The shuttle reenters from orbit at about 25,000 feet per second (fps), its leading edges heating up to about 3,000 degrees Fahrenheit—hot enough to melt steel.
When the Apollo modules reached Earth’s atmosphere after a three-day trip from the moon, they were moving at about 30,000 fps. Orion’s velocity will match this on its own lunar return.
But returning from Mars, it will be moving close to 35,000 fps. That speed, about 6.6 miles per second, would take you from Washington, D.C., to New York City in less than 30 seconds. “You’re talking hot,” says Horowitz, referencing a number that starts at more than 4,800 degrees
Fahrenheit. NASA obtained relevant information in January 2006, during the return of Stardust, an unmanned probe that reentered Earth’s atmosphere at about eight miles a second, or 41,967 fps, the highest Earth reentry speed any spacecraft ever attained. Its heat shield offers the best candidate—an advanced combination of carbon and rayon—for Orion’s shield.
But Stardust was less than three feet across.

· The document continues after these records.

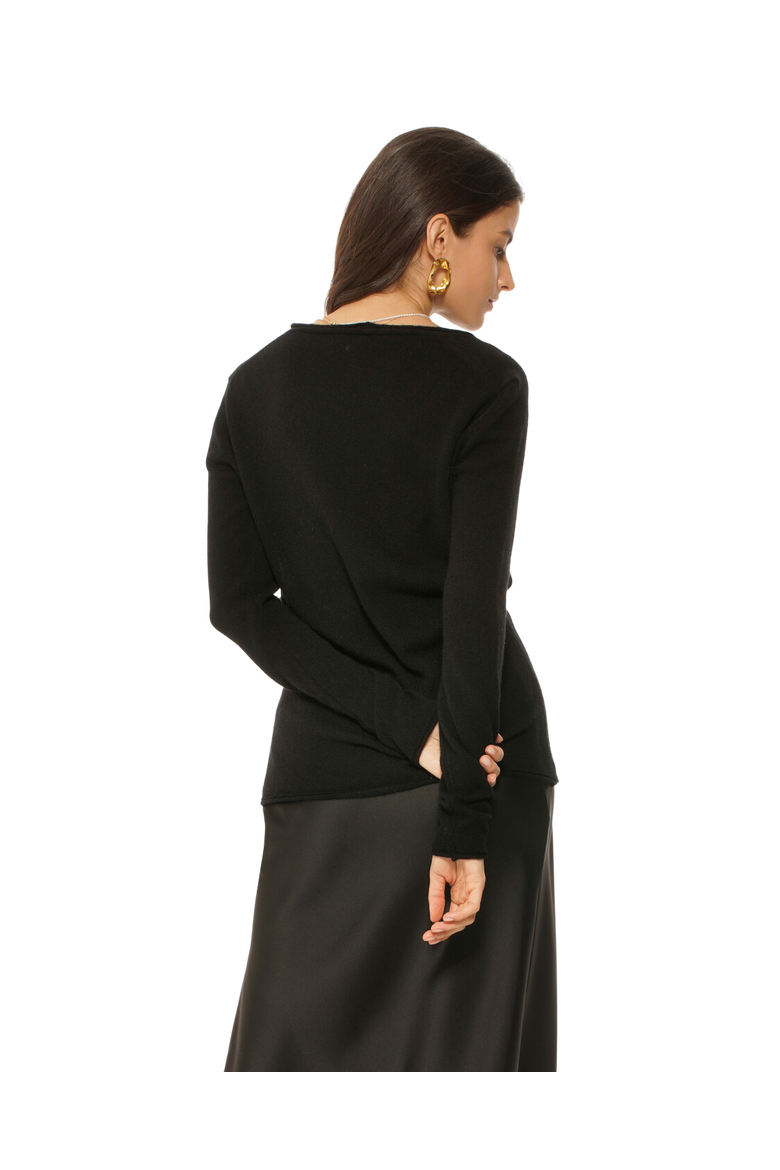 Ultra-Light Cashmere V-Neck Sweater, Alternate, color, Black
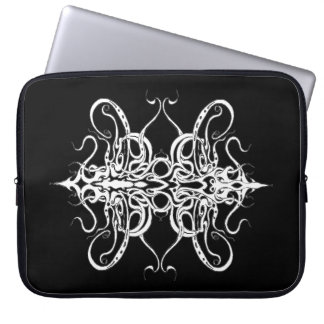 Black and White Abstract Tribal Tattoo Design Laptop Sleeve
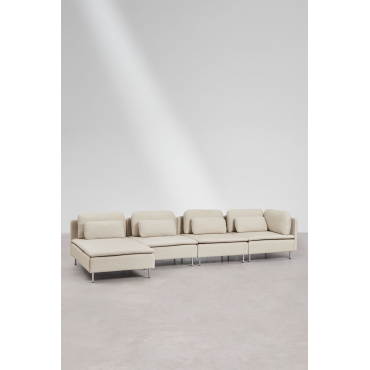 Oriol Modulaire Bank Met Linker Chaise Longue Van 4 Delen Met Hoekmodule Stof Crème Beige - Sklum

Manufacturing a similar ablator to cover Orion, which is five times larger, might require engineers to join blocks of the material. The seams would need special protection.

Finally, unlike Apollo-era modules and reminiscent of a long-standing Russian procedure, Orion will return to Earth on dry land. In abort mode, it will still be able to splash down in any ocean. But a ground landing is attractive because it eliminates the expense of using Navy ships for recovery. Orion will deploy three reusable parachutes, same as Apollo. Airbags will open just before impact to soften the landing. Orion then will be home, ready to make history nine more times.
“I watched the first Saturn Vs launch as a kid,” Horowitz says. “I was in sixth grade for the first moon landing. I figured, Oh man, by the time I get there this’ll all be over.”
Space veterans like Horowitz share a feeling that what they are doing will bridge the glories of Apollo and an equally exciting future. “What you see here is a vehicle that will be flown by the next generation of explorers,” Horowitz says.
Orion’s first pilots are likely in NASA programs now, the future commanders still just junior astronauts. In the same way, the brains of their spacecraft are now being prepared, so when machine and man are both ready they can explore the solar system together, one launch at a time.